Ketika PP tersebut akhirnya dikeluarkan pada tanggal 12 Juli, pelaku usaha merasa belum siap karena persiapan waktu yang sangat terbatas. Begitu aturannya diberlakukan pada tanggal 31 Juli, dampaknya langsung berimbas.
Pelaku Usaha Keberatan dan Bingung Hadapi Aturan Baru
“Saat dipotong 30% dari devisa, ini mengganggu arus kas. Ada pelaku usaha yang mendapatkan keuntungan 5%, lalu dipotong 30%, otomatis cashflow-nya terganggu. Setiap bulan harus diambil 30% dari devisa, modal habis,” ujar Iwantono.
Meskipun demikian, para pelaku usaha belum menyusun angka yang ideal ketika besaran DHE sebesar 30% dirasa terlalu berat.

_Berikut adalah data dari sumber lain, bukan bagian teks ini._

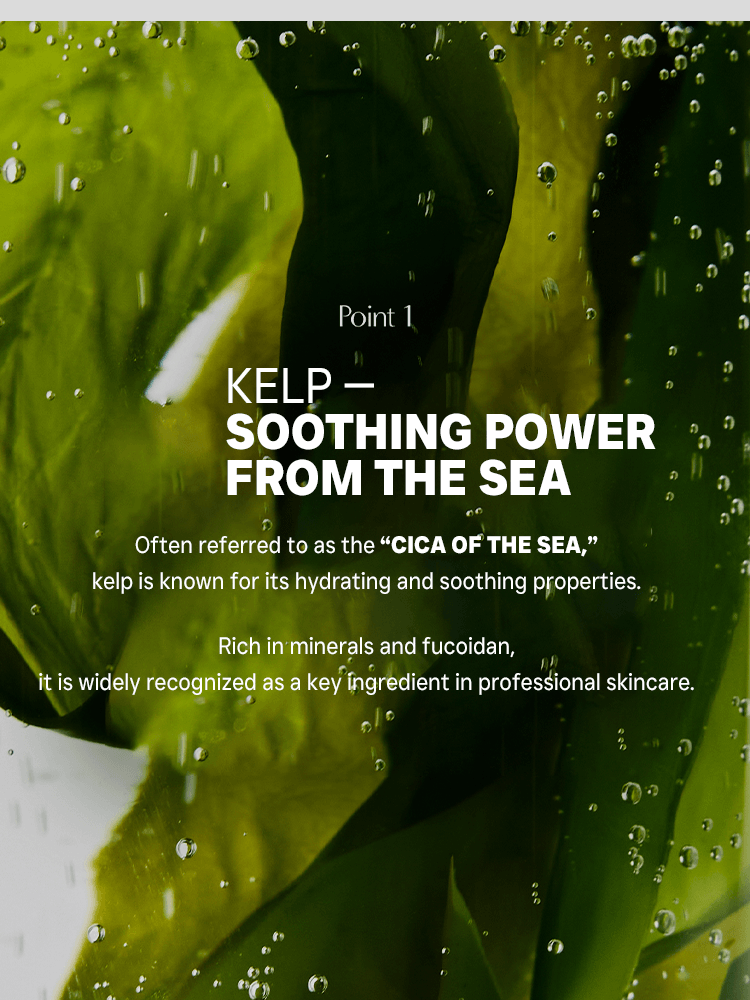 BIODANCE Refreshing Sea Kelp Real Deep Mask 34g #1pc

Oleh karena itu, diperlukan adanya ruang diskusi antara pemerintah dan dunia usaha untuk menentukan kebijakan ini. Terlebih lagi, terdapat perbedaan tafsir antara dunia usaha dan pemerintah dalam menentukan ruang lingkup PP ini.

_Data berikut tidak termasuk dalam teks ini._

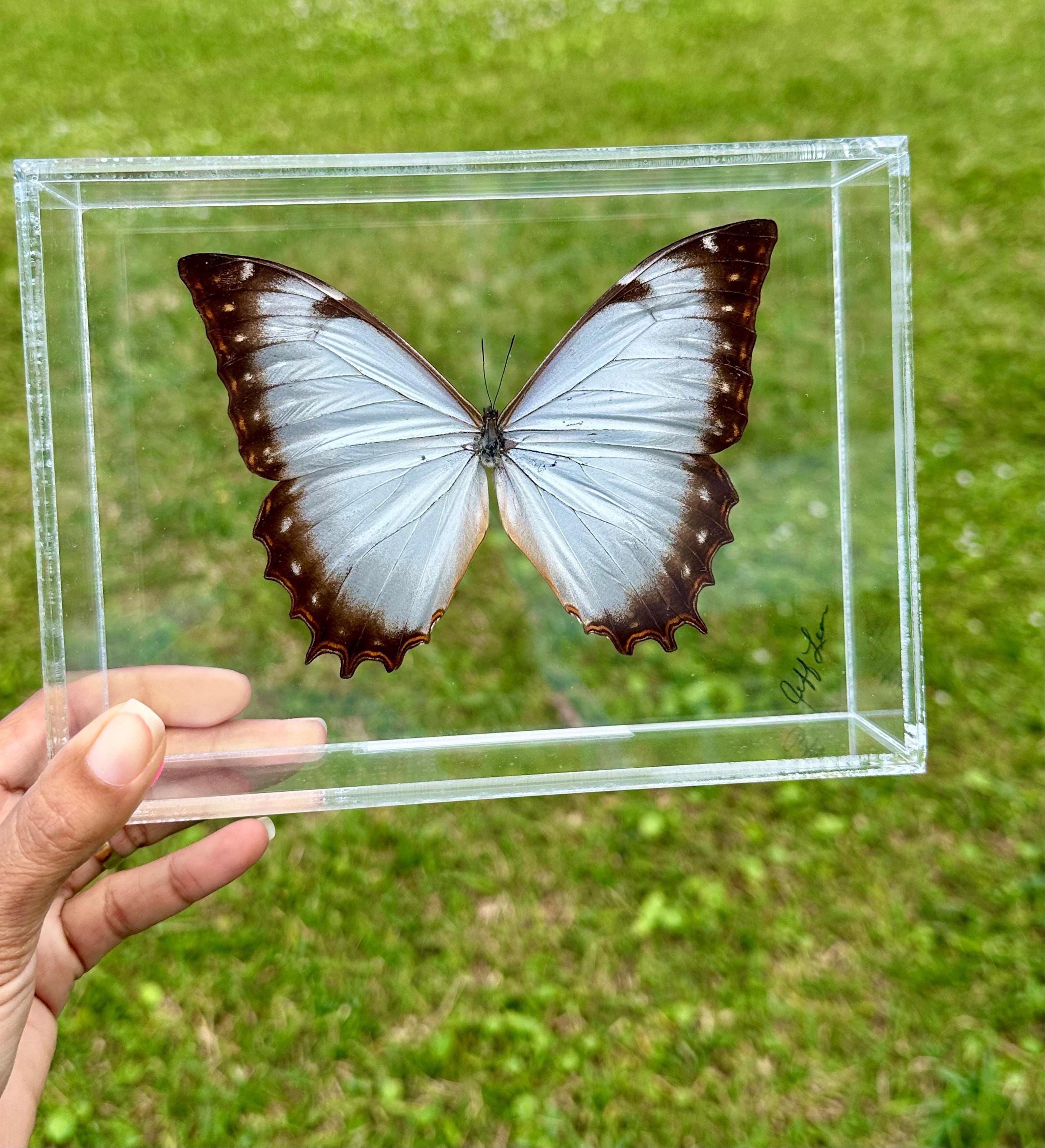 Morpho theseus - Etsy 日本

“Di dalam PP ini diatur tentang pertambangan, perkebunan, perhutanan, dan perikanan. Namun, definisi ‘perkebunan’ perlu diperjelas, misalnya mengenai penebangan pohon dan kemudian ditanam lagi, apakah termasuk dalam SDA atau bukan? Ini merupakan tanda tanya bagi dunia usaha,” ungkap Iwantono.
“Kemudian, mengenai ‘perikanan’ apabila ada budidaya udang, kemudian dipanen, dijual, lalu dibudidayakan lagi, apakah hal tersebut dapat dianggap alamiah? Karena ada campur tangan manusia. Seperti hal ini, masih banyak hal yang membingungkan,” lanjutnya.

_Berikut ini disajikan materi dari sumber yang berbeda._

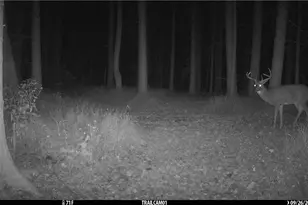 2210 Scroll Rd SW, Carrollton, OH 44615 - Photo 38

Dampak PP Nomor 36 Tahun 2023 tentang Devisa Hasil Ekspor pada Pelaku Usaha: Keberatan dan Kebingungan dalam Menghadapi Kebijakan Baru
Dalam menghadapi implementasi PP Nomor 36 Tahun 2023 tentang Devisa Hasil Ekspor, pelaku usaha menyuarakan keberatan terhadap kewajiban menyimpan minimal 30% DHE, yang dapat mengganggu cashflow perusahaan.
Kekhawatiran semakin meningkat karena kurangnya keterlibatan pelaku usaha dalam menyusun kebijakan ini dan kebingungan dalam interpretasi aturan. Dibutuhkan diskusi mendalam antara pemerintah dan dunia usaha untuk mencari solusi yang saling menguntungkan dan menghadapi tantangan yang muncul akibat kebijakan baru ini.